In 2015, the European Commission announced the formal adoption of European Public Sector Accounting Standards (EPSAS) in the EU. Its ultimate aim was to encourage uniform and comparable accrual-based accounting practices for all sectors of general government within the EU – seen as crucial for meeting the objectives of fiscal stability and deeper economic and financial integration within the European bloc.

EPSAS are the European equivalent of International Public Sector Accounting Standards (IPSAS) – accrual-based standards for the public sector. Just as the development of IFRS Standards have been credited with bringing greater transparency and international comparability to the financial statements of stock exchange-listed companies around the world, it is hoped that IPSAS will be able to transform and improve accounting and financial reporting across the public sector.

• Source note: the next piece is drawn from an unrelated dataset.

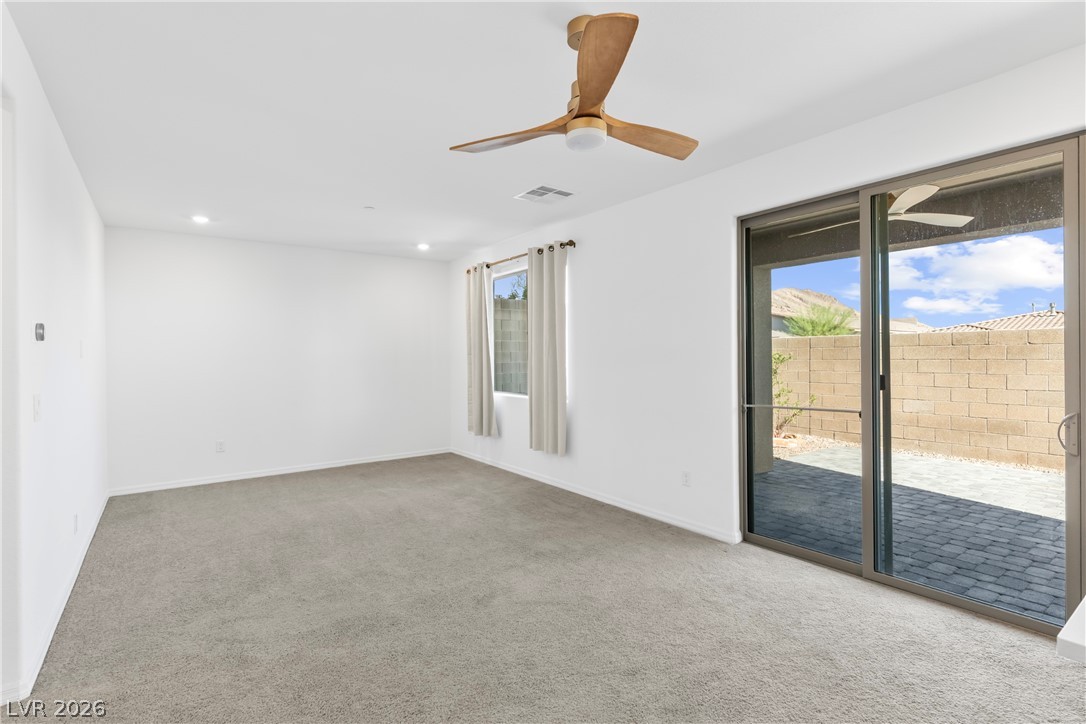 11568 Midnight Melody Avenue Property Photo 12
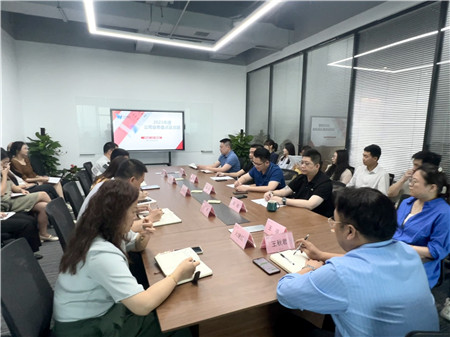 1688374791179175.jpg 12cef77da5b2fa7dc3bbfdc7e5aaf10_副本.jpg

The EU announcement was a significant step in the growing acceptance of IPSAS. So far, more than 40 countries have adopted or are adopting the standards or their equivalent. But as a new report from ACCA shows, implementation from country to country varies enormously.

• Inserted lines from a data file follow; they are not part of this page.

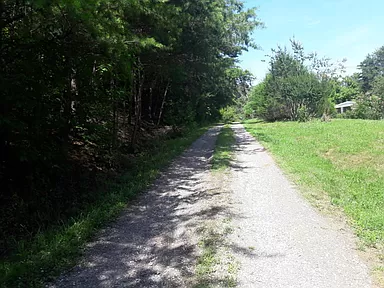 765 Little Dogwood Rd 765 Little Dogwood Rd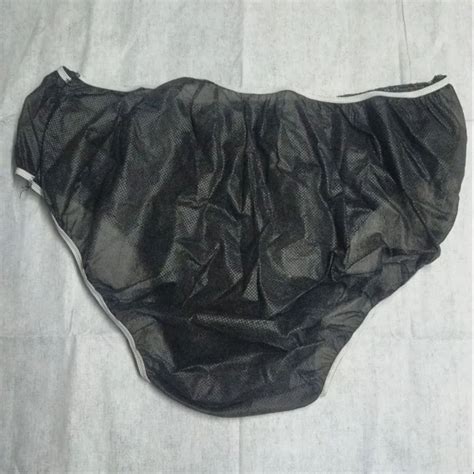 Disposable Panty in Mumbai डसपजबल पट मबई Maharashtra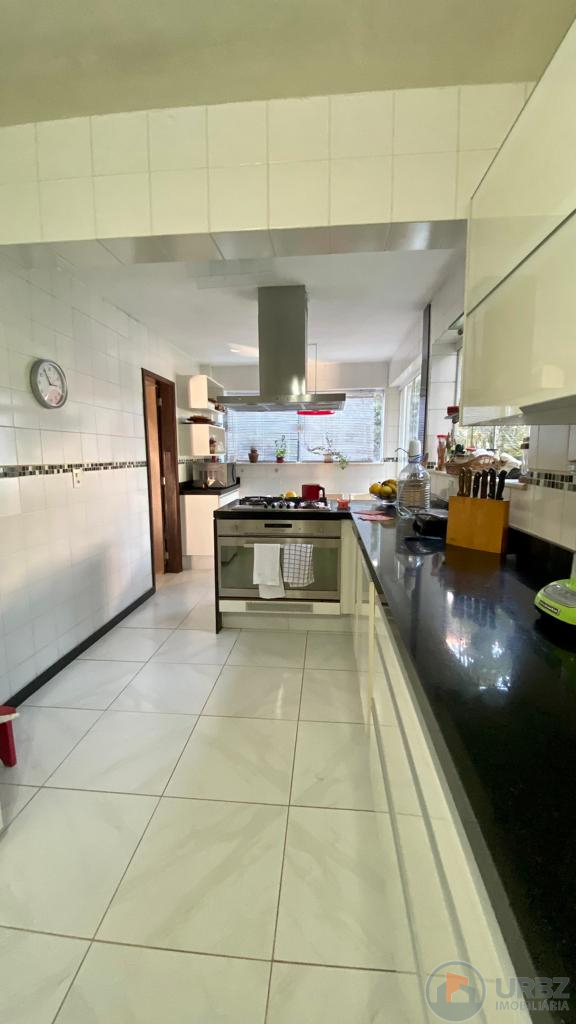Casa Tríplex no Riomar III – Barra da Tijuca Casa Tríplex no Riomar III – Barra da Tijuca
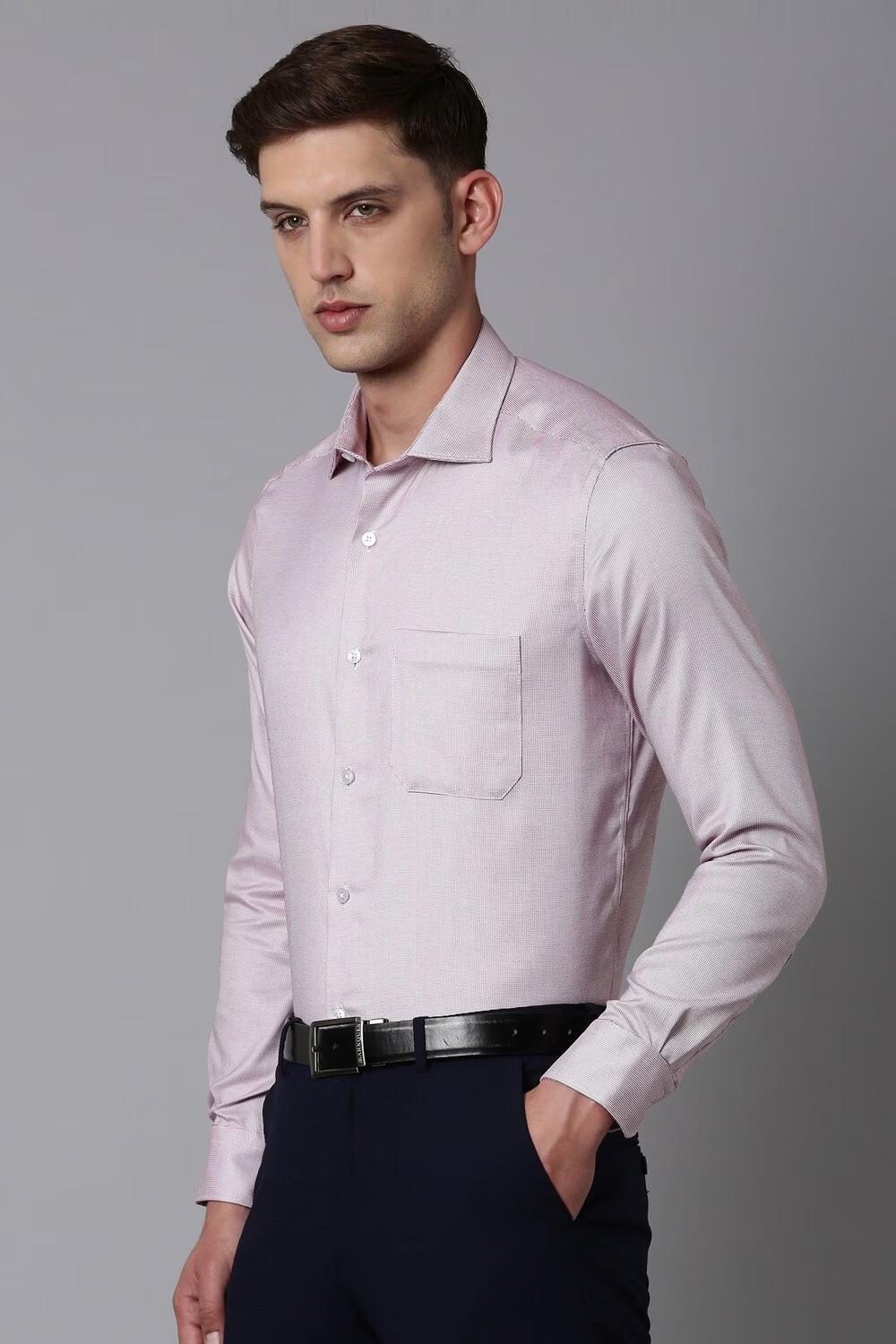 72748-men-purple-classic-fit-print-full-sleeves-formal-shirt-purple-1.jpg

The report, IPSAS implementation: current status and challenges, tracks the use and adoption rates of IPSAS across the world. It concludes that while progress in developed nations is good, developing economies are lagging behind. The report highlights the difficulties that individual countries face in implementing the standards, from poor reporting practices in public sector organisations to a lack of necessary skills and expertise. 

The experience of Europe neatly illustrates the point. The European Commission’s announcement did not specify the date at which each country will be required to adopt the standards. Some EU states had already decided to adopt IPSAS before the commission made its formal announcement, and many have already made substantial progress towards full IPSAS adoption. The UK, for example, has been applying accrual standards based on IFRS for a number of years.

In less mature economies in other parts of Europe, though, the picture is less clear-cut. A few countries have sought aggressively to adopt IPSAS-type standards since emerging from the former Soviet bloc, but progress in others remains slow. ACCA’s report assesses the journey towards accrual accounting in four countries – Estonia and Lithuania are the success stories while implementation in Latvia and Malta is a work in progress (see below).

Overall, the research reinforces the view that those countries that are still in the process of adopting IPSAS need to have a clear strategy in place, with realistic timescales, milestones and resources. Many of the challenges that countries adopting accrual-based standards have seen so far, the report adds, are closely related to broader change management and programme management issues; others are more basic, including inadequate IT infrastructure and poor record-keeping. 

The report stresses that governments and their public sector entities are not alone in this work – the accountancy profession can, and should, help. If governments, the public sector and professional accountants work together, it argues, they could achieve a great deal in the journey towards more consistent accounting practices.